(Data section)

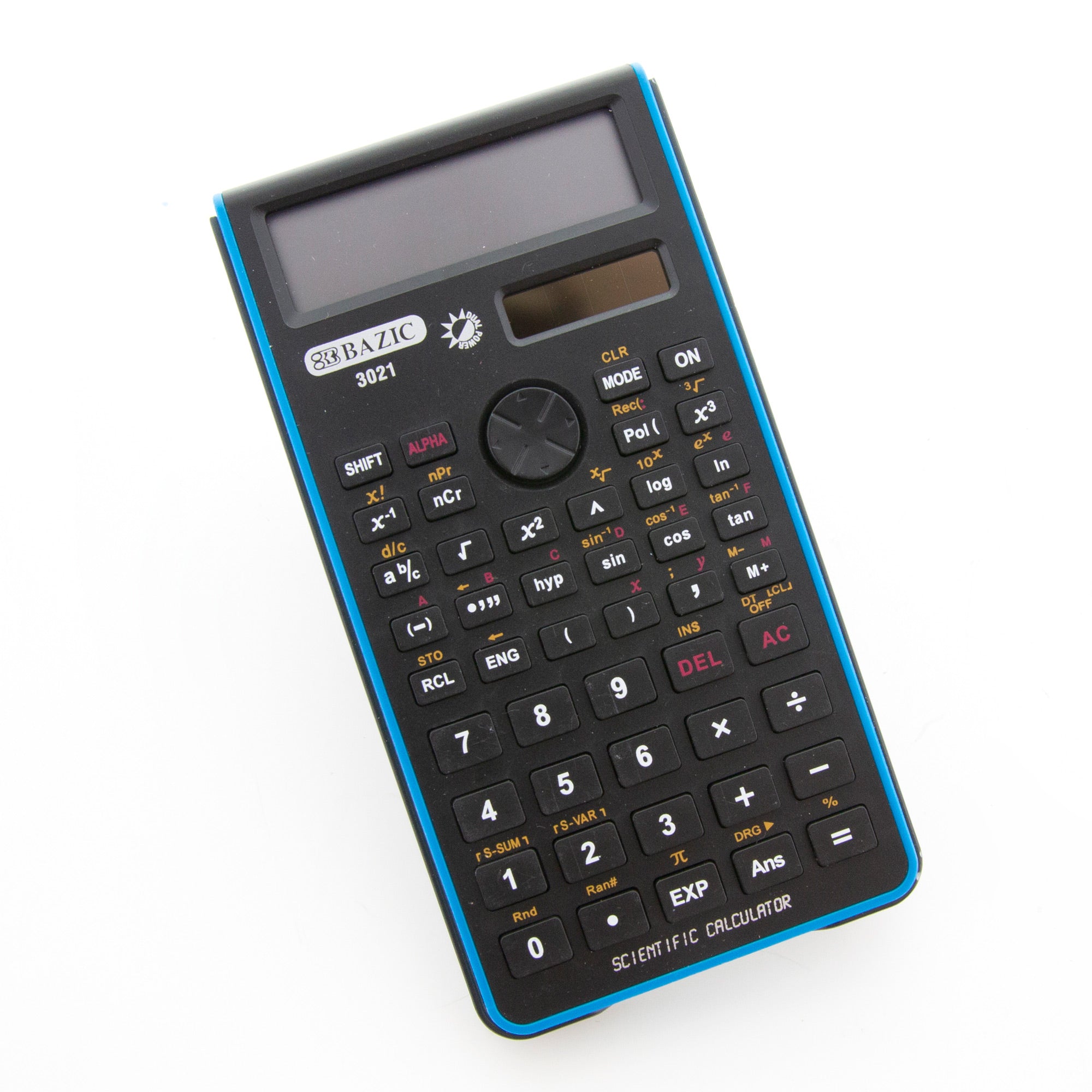 BAZIC SCIENTIFIC CALCULATOR 3021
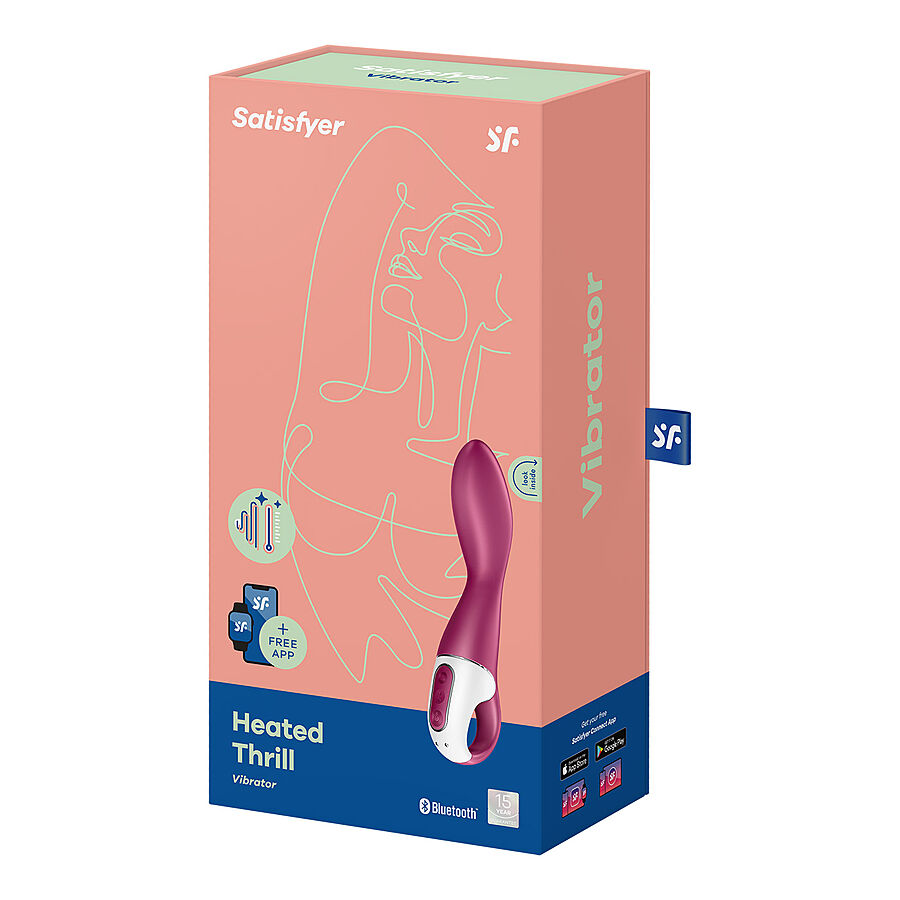 Satisfyer - Heated Thrill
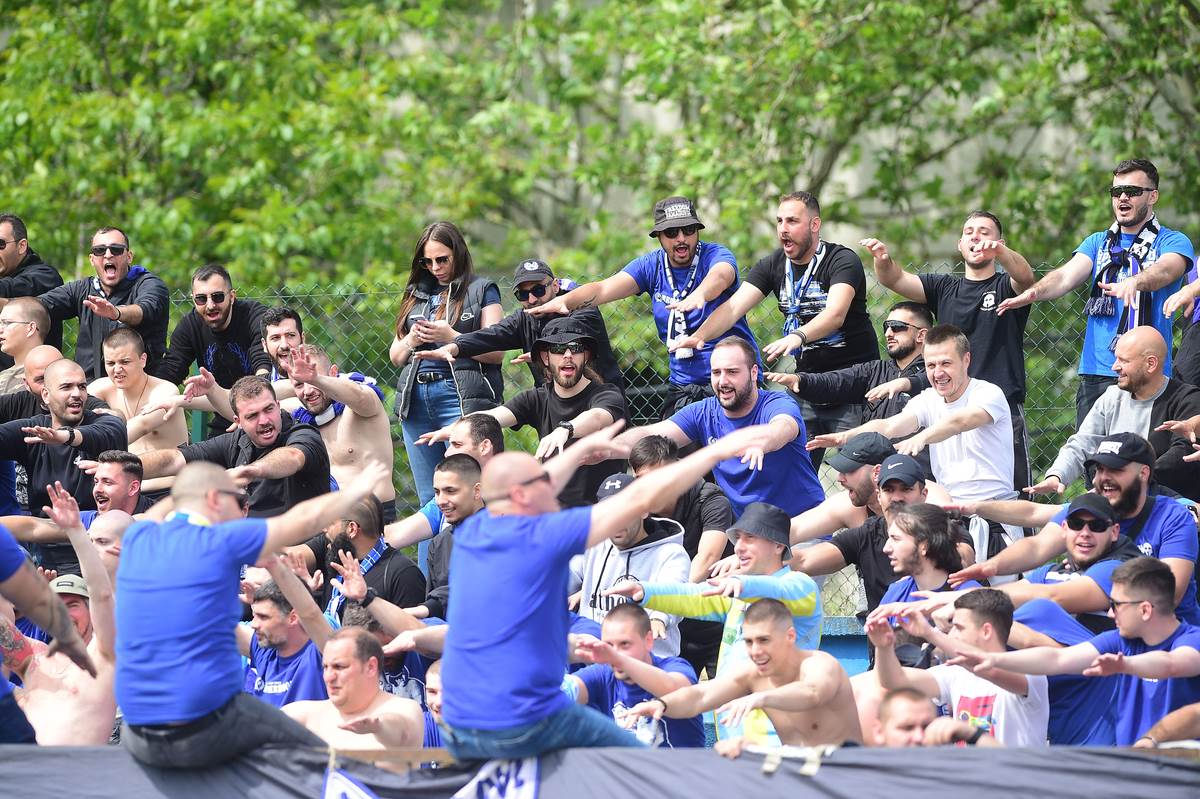 Saopštenje OFK Beograda o Srđanu Jovanoviću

(End Data section)

▶ [Task directions]
From the first line to the last, set down the data exactly, without the pictures.

▶ [Response box]
 BAZIC SCIENTIFIC CALCULATOR 3021
 Satisfyer - Heated Thrill
 Saopštenje OFK Beograda o Srđanu Jovanoviću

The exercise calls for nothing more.